In magnetic resonance imaging (MRI), k-space data is acquired using a variety of MR sequences consisting of different radiofrequency and gradient pulses. Then, by transforming the frequency information of the k-space data into spatial information, an MR image can be reconstructed. Generally, 2D or 3D Fourier transform (FT) is used for reconstruction of an MR image because the k-space is typically scanned in a Cartesian trajectory. However, relying entirely on the FT may not be sufficient for certain applications of MRI such as non-Cartesian MRI, accelerated MRI, etc. In such cases, other iterative reconstruction techniques can be utilized to enhance the quality of MR images.

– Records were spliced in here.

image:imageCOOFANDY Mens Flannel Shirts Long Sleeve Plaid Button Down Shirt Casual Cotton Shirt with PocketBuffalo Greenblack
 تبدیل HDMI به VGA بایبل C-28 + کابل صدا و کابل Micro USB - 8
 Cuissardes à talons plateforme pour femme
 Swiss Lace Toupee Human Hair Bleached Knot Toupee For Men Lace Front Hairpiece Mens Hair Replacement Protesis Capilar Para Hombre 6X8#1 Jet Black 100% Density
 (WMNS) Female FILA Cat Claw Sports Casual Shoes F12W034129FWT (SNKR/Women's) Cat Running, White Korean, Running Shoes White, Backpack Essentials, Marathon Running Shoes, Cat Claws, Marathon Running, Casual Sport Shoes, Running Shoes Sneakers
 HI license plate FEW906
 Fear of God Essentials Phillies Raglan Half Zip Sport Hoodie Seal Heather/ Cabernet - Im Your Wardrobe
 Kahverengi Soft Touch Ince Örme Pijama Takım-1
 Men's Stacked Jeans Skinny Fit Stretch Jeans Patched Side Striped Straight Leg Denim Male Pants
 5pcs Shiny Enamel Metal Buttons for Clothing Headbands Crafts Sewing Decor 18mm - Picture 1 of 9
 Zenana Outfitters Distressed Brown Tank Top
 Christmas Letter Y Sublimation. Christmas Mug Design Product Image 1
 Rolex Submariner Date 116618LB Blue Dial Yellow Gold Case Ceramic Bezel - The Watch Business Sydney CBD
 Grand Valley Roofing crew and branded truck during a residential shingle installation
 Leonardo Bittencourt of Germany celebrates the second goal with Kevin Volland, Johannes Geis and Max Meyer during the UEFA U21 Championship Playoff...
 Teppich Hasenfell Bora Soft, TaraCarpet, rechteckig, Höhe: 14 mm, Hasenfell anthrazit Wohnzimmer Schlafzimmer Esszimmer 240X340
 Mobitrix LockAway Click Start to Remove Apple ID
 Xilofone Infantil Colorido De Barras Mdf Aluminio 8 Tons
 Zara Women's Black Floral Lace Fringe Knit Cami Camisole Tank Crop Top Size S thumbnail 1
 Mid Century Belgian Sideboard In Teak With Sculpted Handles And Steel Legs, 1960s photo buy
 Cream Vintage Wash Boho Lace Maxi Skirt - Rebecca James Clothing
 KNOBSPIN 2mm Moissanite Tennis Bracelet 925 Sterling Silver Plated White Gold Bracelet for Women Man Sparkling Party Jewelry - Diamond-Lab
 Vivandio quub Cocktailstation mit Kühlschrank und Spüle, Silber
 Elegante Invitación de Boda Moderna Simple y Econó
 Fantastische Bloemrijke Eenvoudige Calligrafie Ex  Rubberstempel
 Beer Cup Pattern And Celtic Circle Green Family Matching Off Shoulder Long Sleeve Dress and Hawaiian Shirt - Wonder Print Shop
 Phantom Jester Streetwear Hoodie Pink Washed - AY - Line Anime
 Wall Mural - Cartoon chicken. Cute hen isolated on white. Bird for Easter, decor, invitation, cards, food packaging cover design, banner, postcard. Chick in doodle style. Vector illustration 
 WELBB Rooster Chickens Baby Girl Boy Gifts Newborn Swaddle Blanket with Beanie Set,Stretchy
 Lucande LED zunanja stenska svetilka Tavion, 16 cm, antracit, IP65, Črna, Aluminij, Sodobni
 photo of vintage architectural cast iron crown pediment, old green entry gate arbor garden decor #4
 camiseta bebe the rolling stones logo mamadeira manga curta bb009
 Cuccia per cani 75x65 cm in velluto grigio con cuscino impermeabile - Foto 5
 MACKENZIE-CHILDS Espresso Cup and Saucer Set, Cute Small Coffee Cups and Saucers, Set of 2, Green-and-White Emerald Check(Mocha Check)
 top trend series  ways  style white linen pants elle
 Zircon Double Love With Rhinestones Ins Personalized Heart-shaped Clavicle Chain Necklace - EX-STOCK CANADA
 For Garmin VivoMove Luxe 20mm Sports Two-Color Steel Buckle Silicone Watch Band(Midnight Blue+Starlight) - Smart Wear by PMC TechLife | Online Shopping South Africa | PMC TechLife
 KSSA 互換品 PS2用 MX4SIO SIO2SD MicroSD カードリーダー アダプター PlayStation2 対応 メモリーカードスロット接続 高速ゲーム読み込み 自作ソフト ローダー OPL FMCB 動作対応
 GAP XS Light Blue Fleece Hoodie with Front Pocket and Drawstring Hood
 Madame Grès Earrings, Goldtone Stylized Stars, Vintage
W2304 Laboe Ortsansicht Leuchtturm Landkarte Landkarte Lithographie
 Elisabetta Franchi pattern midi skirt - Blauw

Recently, deep learning has been also applied in MRI to enhance the image quality [1,2,3,4,5,6,7]. Considering that MRI needs to consider multiple sources of errors due to its complex nature, including field inhomogeneity, eddy current effects, phase distortions, regridding, etc., an end-to-end reconstruction using deep learning could provide a unified solution and simplify the reconstruction process of MRI. Image reconstruction by domain-transform manifold learning (AUTOMAP) [1] was a state-of-the-art technique that performed end-to-end reconstruction. As each voxel of an MR image can be regarded as a weighted sum of the entire k-space, AUTOMAP is structured as multiple fully connected layers, requiring a large amount of weights and biases. As a result, the maximum size of input data is limited by the hardware specification that determines the amount of processable weights and biases. To resolve this issue, we adopt the bidirectional recurrent neural network (RNN) as an alternative to the fully connected layers [8, 9]. As a recurrent cell has a memory that stores states, it allows the previous information to be reflected in the output of the next time step without overloading the system.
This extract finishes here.